The new professional football league is doing things a bit differently, and I like some of their changes.

The Alliance of American Football logo. It’s not a shield. But that’s not the only difference.
The AAF official page.

For those of you that don’t know, there’s a new professional football league beginning this weekend! That’s right! The Alliance of American Football, an eight team league, begins playing games on Saturday, and running through April 27th, when their championship game will be played. All eight teams play over the weekend, with two games on Saturday and two games on Sunday, and games can be seen on CBS.

They’ve already had some interesting developments, too! For example, the Memphis Express have a SCINTILLATING QB duel developing:


Look, in all seriousness, these players aren’t quite at the NFL level, but they’re above college players. Kind of like a AAA system in baseball, if you will, and probably one last chance for a player to impress NFL scouts enough to get one more shot. All joking aside, I’m intrigued, and I’m going to check out a few games.

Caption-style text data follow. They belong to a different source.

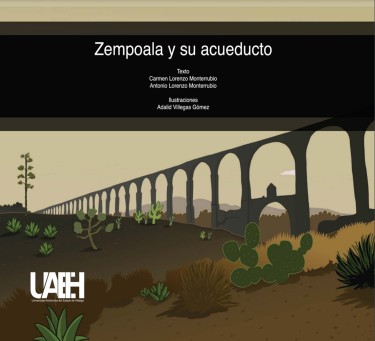 Zempoala y su acueductoo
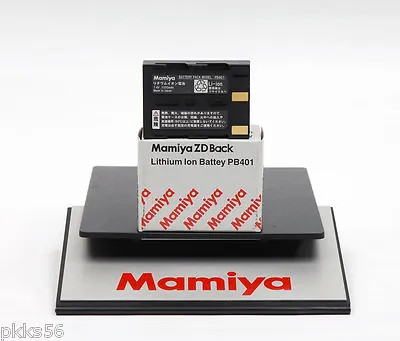 Mamiya ZD DIGITAL BACK BATTERY  • $79.20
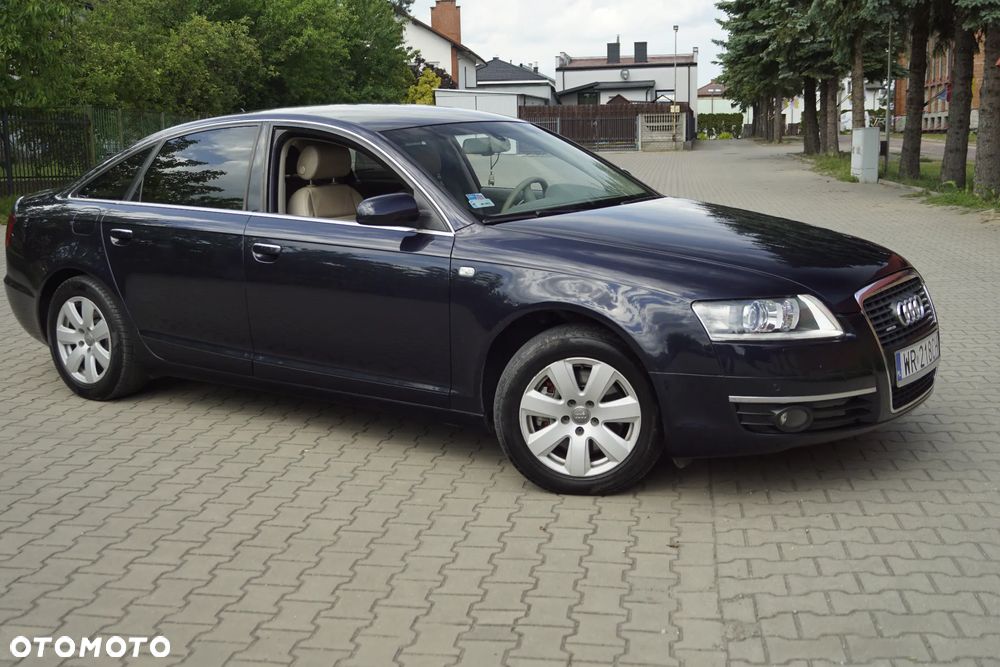 Audi A6 Limousine - 13
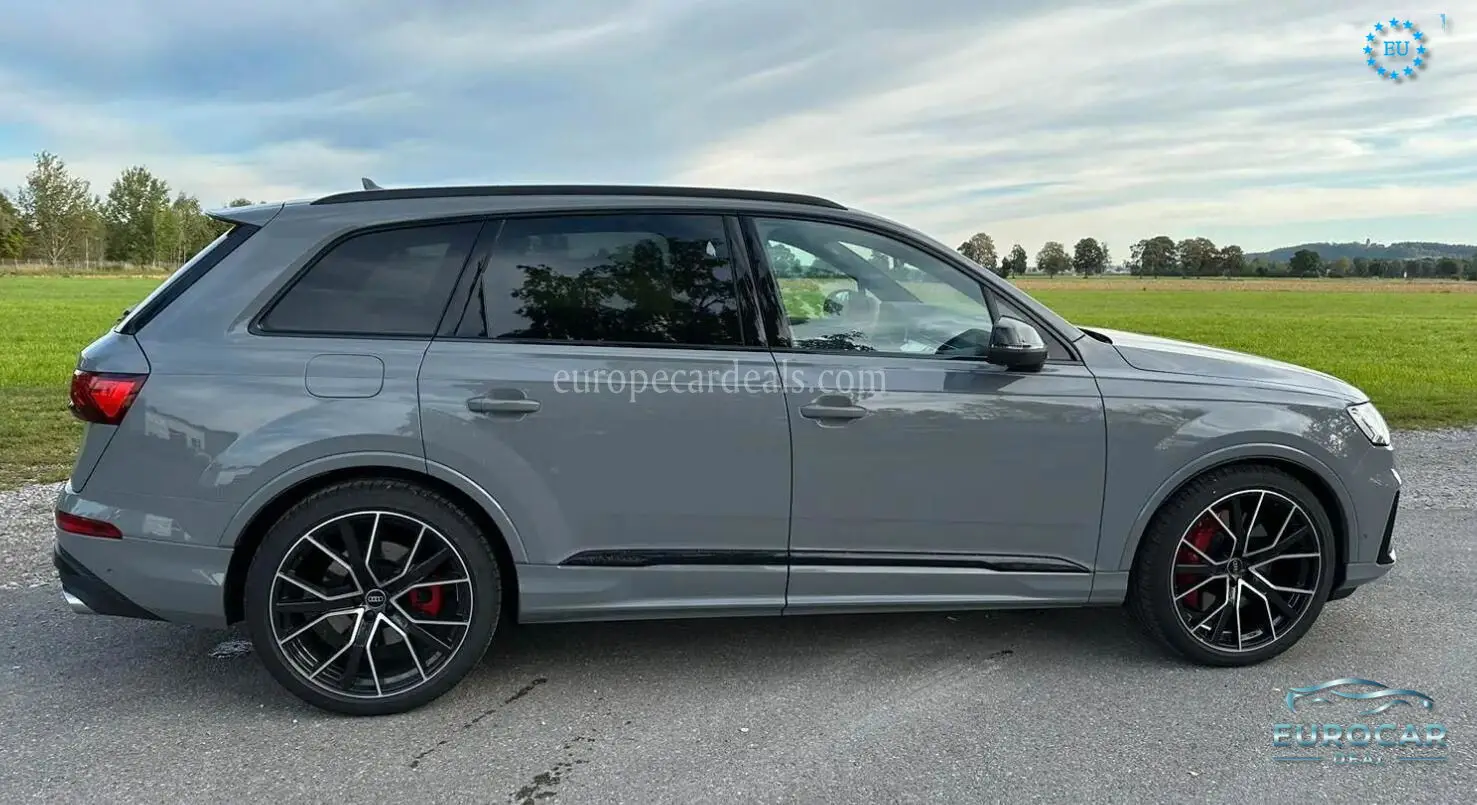Audi SQ7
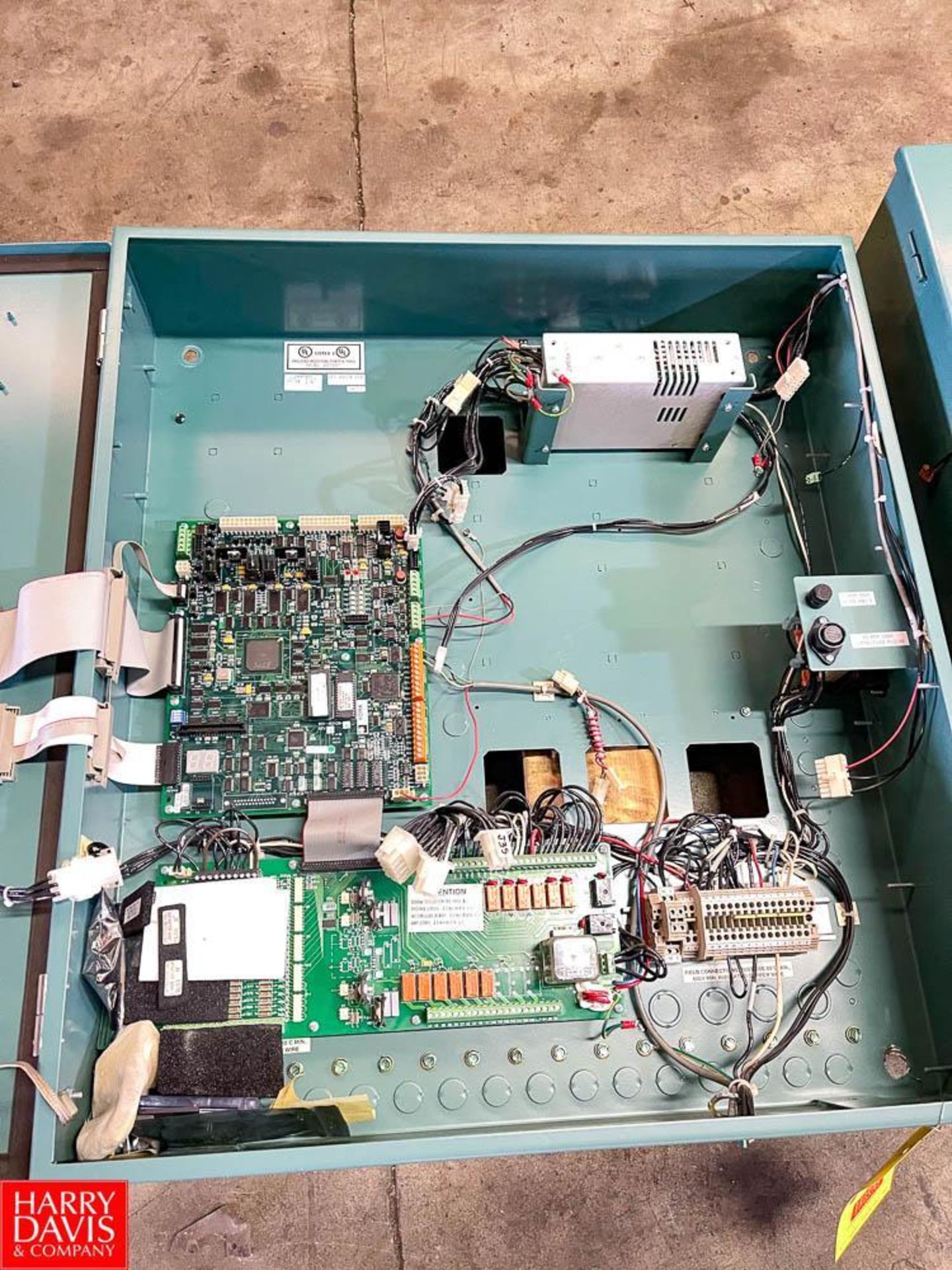 York Millennium Centrifugal Chiller Control Panel, Type: 1 - Image 2 of 3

One of the things I find legitimately interesting about the new league, though, are rules that differ significantly from the NFL:

Let’s break these down and discuss, because in the daily post, I got into a sub-thread discussion about how the overall NFL product isn’t all that great, and some of these things could rejuvenate the game.

No extra point kicks. Every team must go for two. Look, if you’re a Vikings fan, I don’t know HOW you can disagree with this one. You can still kick field goals, but no more extra points. I really like this one.

No kickoffs. Teams start at the 25. Ehhh, I’m on the fence about this one. I still think a good kick returner is a weapon in football. But that said, the NFL is trying to backdoor eliminate the play, so if they are, just do it. If not, move the kickoff back, and allow for more returns. Either way, get off the fence. Credit here to the AAF for making a decision and going with it, whether you agree with it or not.

Onside kicks will be replaced by an option to attempt a 4th and 10 at the team’s own 35. I LOVE this rule. I was talking with Fil on the daily thread, I mean artistformerlyknowasfil,...I mean Fake Fil...whatever, and he had some great stats that support this being a better option than an onside kick:

On 4th and 10 exactly … there were 26 plays in 2017. Teams converted first downs 30.8% of the time. The vast majority of these plays happened in the fourth quarter (only 3 of the 4 were in other quarters) and in every instance but one, the team was trailing (but the game typically was close). I pulled all 4th and 10 from 2015-2018 and got a 24.6% conversion rate on 118 attempts. Pulling 4th and 11+ for the same time period, I got a conversion rate of 21.8% on 202 attempts.

There were 52 onside kicks this year. Only 4 were converted. (7.7%)

Personally, I think the 4th and 10 option would add a ton of drama and excitement to a game, as opposed to a play that is 90% dependent on a kicked football bouncing exactly the right way at just the precise moment. And even when that does happen, you still need an opposing player to mis-handle the ball.

There’s a bit of a caveat to this, though. You have to be down by 17 points, or either team can use this option when there are under five minutes left in the game. I don’t like the caveat; I’d prefer that option be open to both teams the whole game.

30 second clock, no TV timeout, and 60% less commercials: If there was a demand for AAF advertising right now, they’d have as many commercials as the NFL. That’s just a supply and demand thing right now—if the AAF grows, they will have more commercials. I do, however, love the 30 second clock and the no TV timeouts. I think it will speed the game up, there will be less dead time in between plays, and the flow of the game won’t be interrupted nearly to the extent an NFL game is. (Extra point, commercial, kickoff, commercial, injury on first down, commerical).

And I like Kevin Cole’s tweet about the AAF being a lab or testing ground of sorts, for these rule tweaks, and to see if they work or not. I really think the NFL needs some tweaking around the edges with stuff like this, as soon as they can figure out what a catch is.

What do you guys think? Good ideas, bad ideas, or something in between?